What you are asked to do =>
Filter the listing below down to the lines containing the word "Page".

Records for this task =>
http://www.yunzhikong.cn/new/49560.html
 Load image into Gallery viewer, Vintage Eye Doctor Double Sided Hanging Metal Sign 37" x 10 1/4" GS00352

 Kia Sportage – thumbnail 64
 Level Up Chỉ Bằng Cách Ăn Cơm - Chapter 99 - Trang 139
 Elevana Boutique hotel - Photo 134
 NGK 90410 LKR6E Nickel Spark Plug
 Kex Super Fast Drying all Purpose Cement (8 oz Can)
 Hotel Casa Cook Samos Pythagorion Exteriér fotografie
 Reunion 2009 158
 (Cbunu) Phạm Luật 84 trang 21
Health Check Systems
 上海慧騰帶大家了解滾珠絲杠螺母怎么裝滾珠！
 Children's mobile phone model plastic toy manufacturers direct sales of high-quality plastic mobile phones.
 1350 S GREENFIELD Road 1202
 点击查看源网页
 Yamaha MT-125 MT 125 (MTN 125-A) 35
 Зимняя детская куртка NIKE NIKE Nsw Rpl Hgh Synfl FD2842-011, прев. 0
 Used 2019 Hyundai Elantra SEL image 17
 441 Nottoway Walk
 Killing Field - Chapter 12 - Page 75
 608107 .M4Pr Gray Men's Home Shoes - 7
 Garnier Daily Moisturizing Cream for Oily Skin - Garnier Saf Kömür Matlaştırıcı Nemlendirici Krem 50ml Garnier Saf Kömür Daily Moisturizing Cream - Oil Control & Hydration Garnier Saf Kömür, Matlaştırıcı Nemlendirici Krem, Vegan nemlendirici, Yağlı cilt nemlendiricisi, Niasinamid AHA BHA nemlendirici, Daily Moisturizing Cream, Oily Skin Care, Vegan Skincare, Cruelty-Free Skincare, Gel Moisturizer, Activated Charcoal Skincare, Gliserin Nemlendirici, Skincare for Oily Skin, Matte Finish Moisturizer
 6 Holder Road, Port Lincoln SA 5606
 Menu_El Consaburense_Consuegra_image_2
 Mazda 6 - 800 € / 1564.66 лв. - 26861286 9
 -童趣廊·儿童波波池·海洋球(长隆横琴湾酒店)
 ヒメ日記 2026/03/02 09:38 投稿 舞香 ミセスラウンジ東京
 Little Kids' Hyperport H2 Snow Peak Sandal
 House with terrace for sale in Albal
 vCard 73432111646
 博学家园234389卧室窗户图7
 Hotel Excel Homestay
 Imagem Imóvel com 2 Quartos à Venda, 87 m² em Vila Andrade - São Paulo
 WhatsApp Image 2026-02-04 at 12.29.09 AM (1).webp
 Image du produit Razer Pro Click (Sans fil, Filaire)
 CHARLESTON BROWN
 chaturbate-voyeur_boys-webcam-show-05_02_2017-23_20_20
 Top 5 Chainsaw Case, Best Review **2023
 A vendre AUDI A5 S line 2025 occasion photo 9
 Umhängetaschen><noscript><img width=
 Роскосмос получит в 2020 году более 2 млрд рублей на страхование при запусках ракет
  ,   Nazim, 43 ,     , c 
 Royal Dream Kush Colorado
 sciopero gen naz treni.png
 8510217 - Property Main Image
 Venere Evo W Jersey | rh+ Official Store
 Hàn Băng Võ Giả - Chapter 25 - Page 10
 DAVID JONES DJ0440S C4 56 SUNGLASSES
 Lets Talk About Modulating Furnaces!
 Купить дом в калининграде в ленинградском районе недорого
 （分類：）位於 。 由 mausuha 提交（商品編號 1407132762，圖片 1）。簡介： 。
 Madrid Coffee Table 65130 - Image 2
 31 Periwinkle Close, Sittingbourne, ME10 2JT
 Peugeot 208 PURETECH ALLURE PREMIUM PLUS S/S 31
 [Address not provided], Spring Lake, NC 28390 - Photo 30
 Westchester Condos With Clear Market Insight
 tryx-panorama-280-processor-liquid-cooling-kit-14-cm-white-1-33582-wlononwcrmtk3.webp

Task result =>
 Killing Field - Chapter 12 - Page 75
 Hàn Băng Võ Giả - Chapter 25 - Page 10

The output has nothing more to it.